On Monday night I did my first no-gi class. It may surprise my non-Toronto BJJ BJJ friends that it’s taken me this long to get around to trying no-gi, but my school is pretty traditional, so you can’t actually train no-gi until after you get your blue belt. Also, no-gi scared the pants off of me. Or scared the gi on to me, I guess.

Finally, a mixture of a tight schedule, a desire to push myself and me wanting to be less dependant on collar-and-sleeve grips lead me to take off my jacket, get throughly uncomfortable, and train some no-gi.

Here are three quick thoughts:

It’s basically like being a white belt all over again

Like I said, my instinct at this point is to start a roll by going for a collar-and-sleeve.

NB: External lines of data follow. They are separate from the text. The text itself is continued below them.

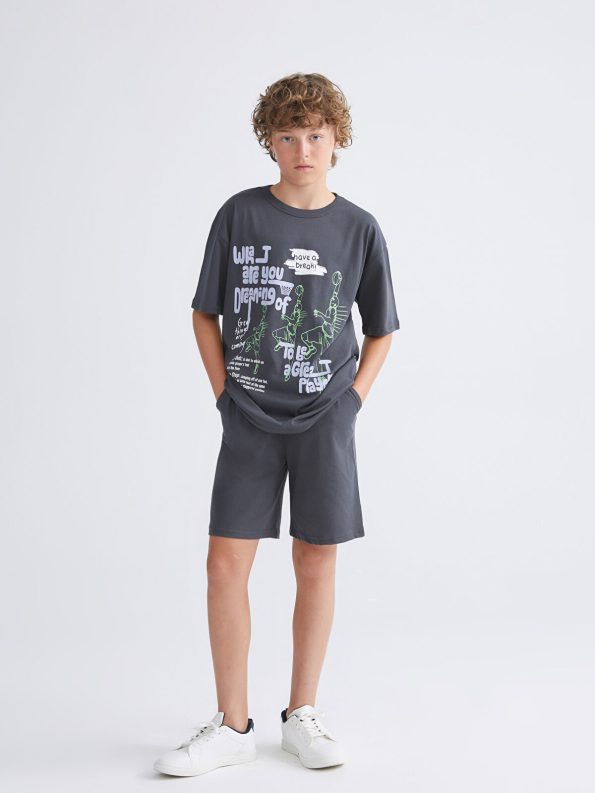 LCW Kids Charcoal Crew Neck Boys T-shirt and Shorts Set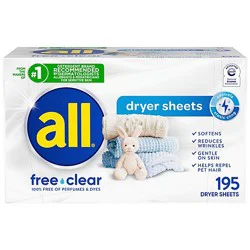 All Dryer Sheets Free Clear - 195 Count
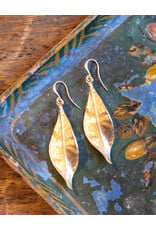 The Birch Store Matte Gold Curled Leaf Earrings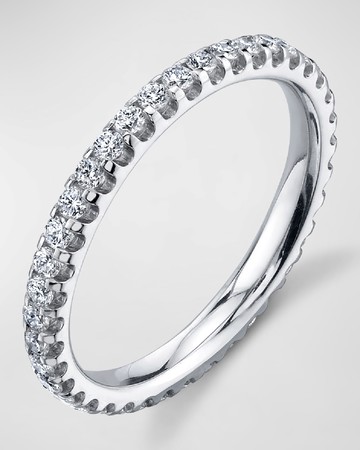 18K White Gold Eternity Comfort Fit Band with U Prong Set Round Cut Diamonds, 0.50ct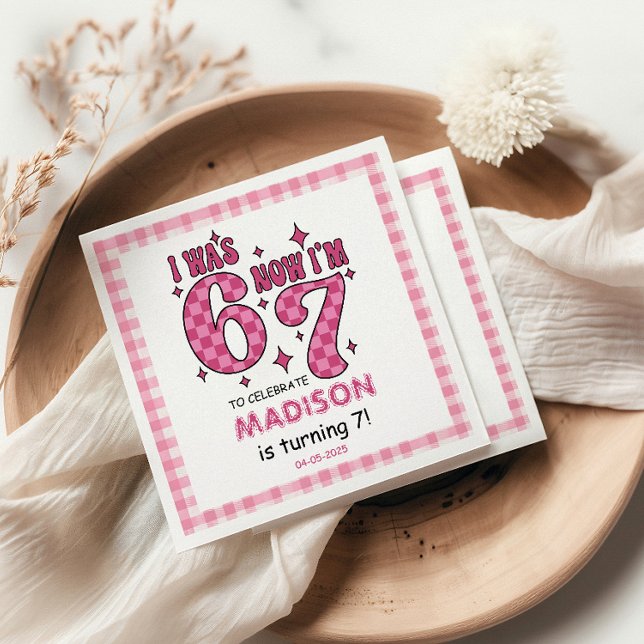 Funny 7th Birthday | “I Was 6, Now 7” Party Serviette (Funny 7th Birthday | “I Was 6, Now 7” Party Napkins
)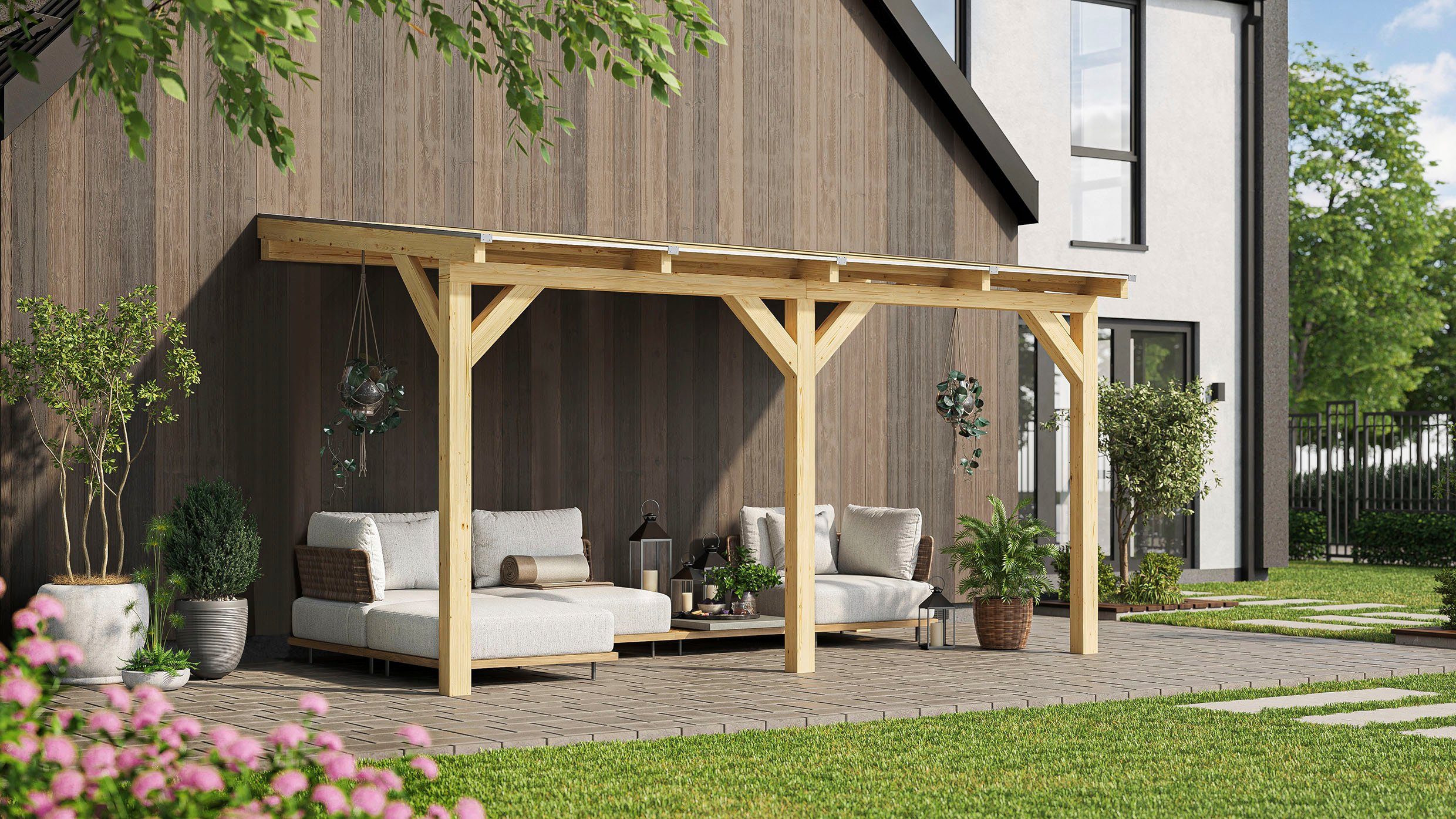 weka Terrassendach Terrassenüberdachung, BxT: 348x242 cm, aus verzugssteifem Leimholz, direkt farblich behandelbar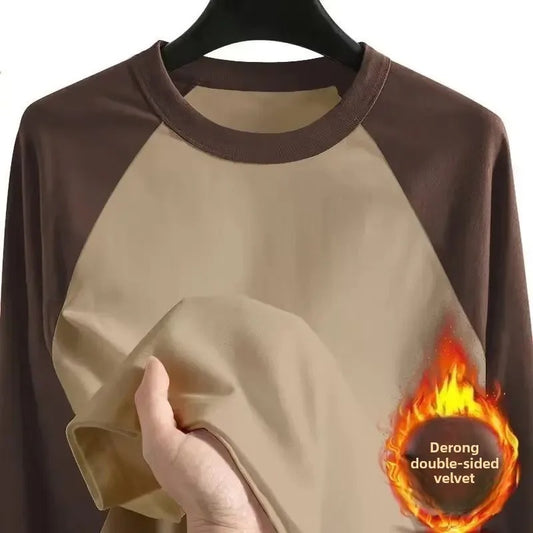 Men's  Long Sleeve Inner Fleece Base T-shirt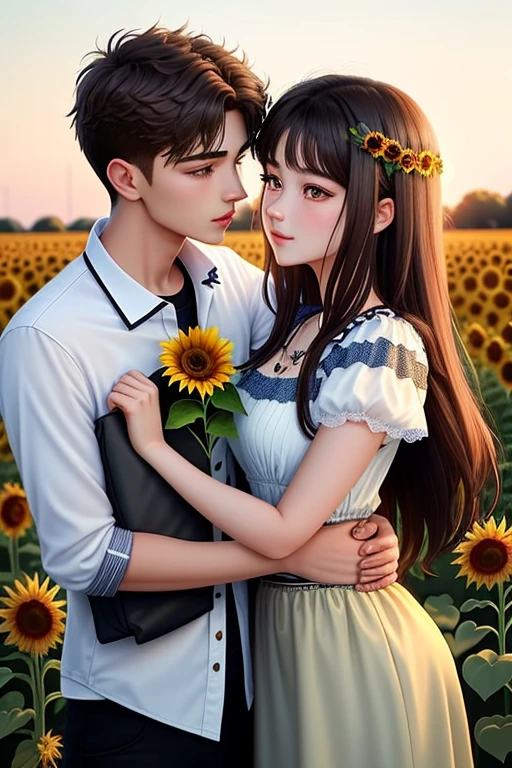 Holding sunflower at sunflower field and aggressive kissing and hugging. Fairy
20-year-old boy and 18-year-old girl and. Detailed face, double eyelid, hot vibes. Handsome-cool-warm-boy with brown hair and hot-seductive-sexy-cute-beautiful-girl with black hair and blushing face. Intimate vibes.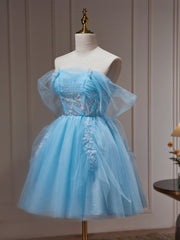 Light Blue Beaded Sweetheart Tulle Lace-up Party Dress, Blue Short Homecoming Dress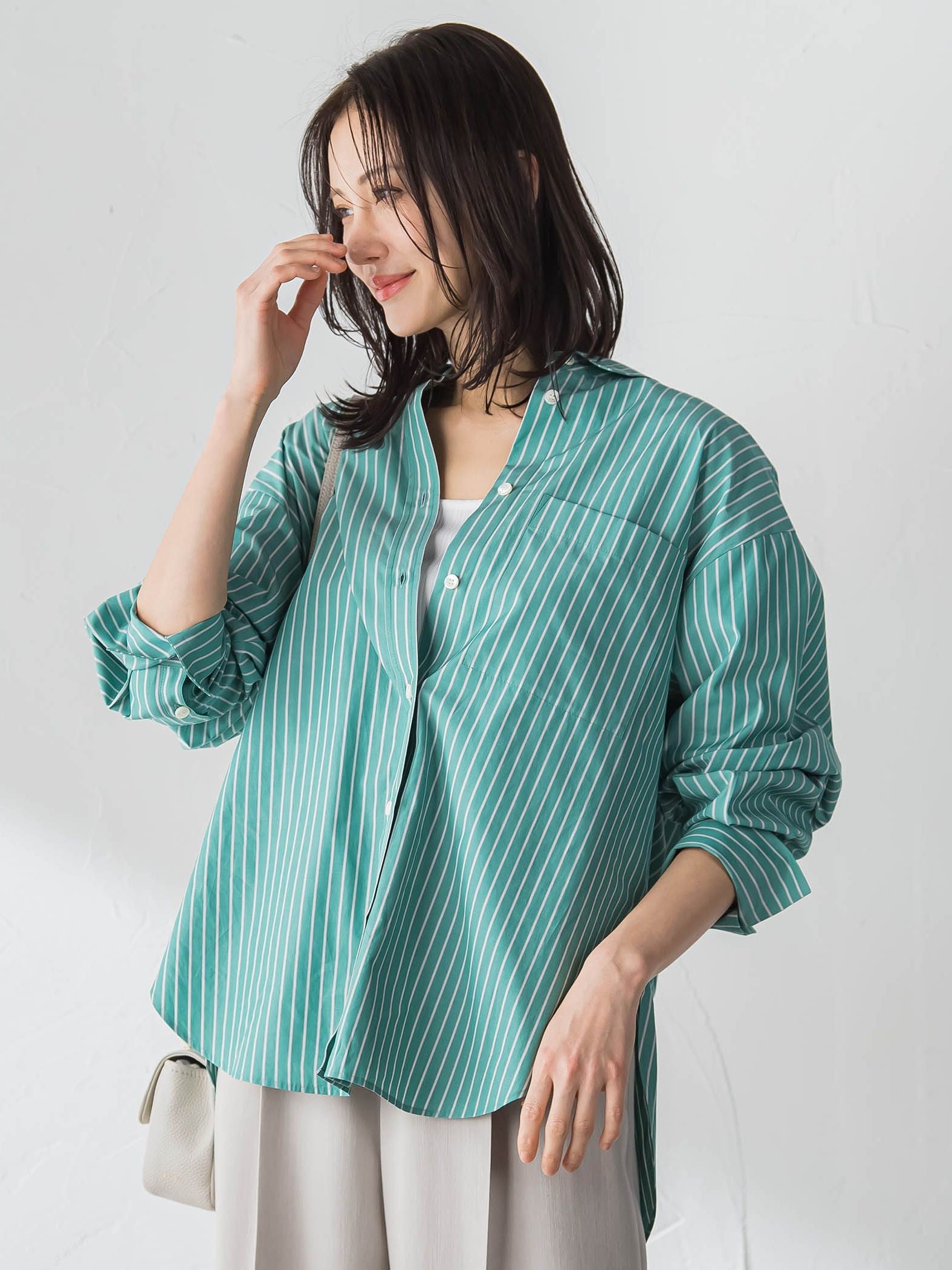 コットンポプリン2WAYストライプシャツ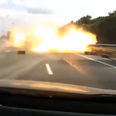Video: Russian truck erupts into ball of flames on motorway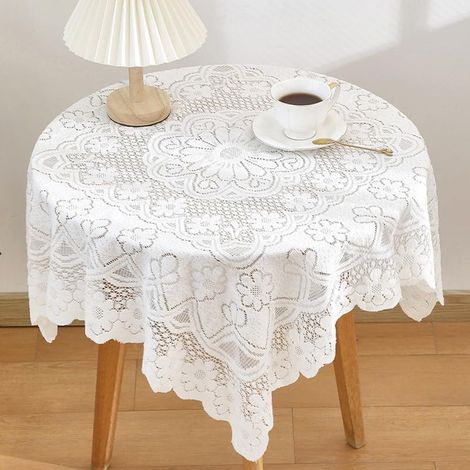 Kleine quadratische, bestickte weiße Baumwolltischdecke mit Spitze im Shabby-Chic-Stil, geeignet für Hochzeiten, Babypartys, Nachttische und Nachttischdekorationen (weiß, 90 x 90 cm) (1/5)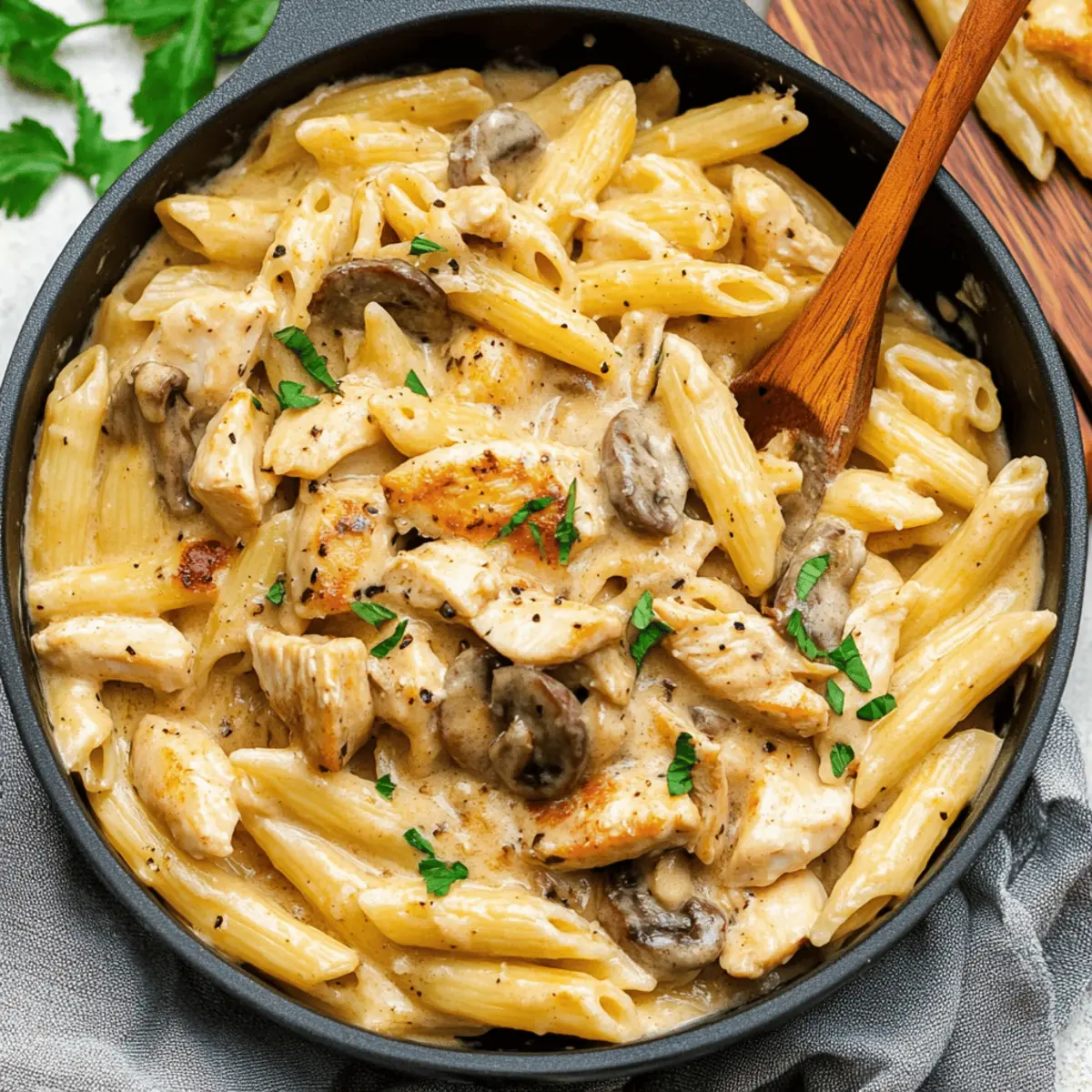 Lightened Up Creamy Chicken Marsala Pasta That’s Irresistibly Delicious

In no-gi though, there’s no sleeve and no collar, so instead I started the roll by staring at my hands and trying to figure out what to do with them while my opponent swept me into mount. It was a bad time.

It’s very slippery

A gi soaks up sweat. That’s why it weight like 20 kilos by the time you’re done training. With no gi that sweat is just kind of around, making everything wet. Including you, your opponent and the ground. The upside is that even if you’re stuck in a bad position, it can be hard for your opponent to submit you because you just keep slipping away. The downside is that it’s harder to get enough traction to get yourself out of said bad position.

Leg locks 

The key difference between gi and no-gi, beyond wardrobe, is that no-gi allows for more leg locks. BJJ is as much a mental art as a physical one. Having to have an added awareness of what your feet are doing adds one more thing to the checklist.

My Professor, Jorge Britto, said that traditional BJJ is chess and no-gi is checkers. I don’t ever want to disagree with Prof. Jorge about anything BJJ related for obvious reasons, but I would like to suggest that if traditional BJJ is chess, no-gi is Central Park speed chess. It’s only marginally less strategic, but infinitely faster.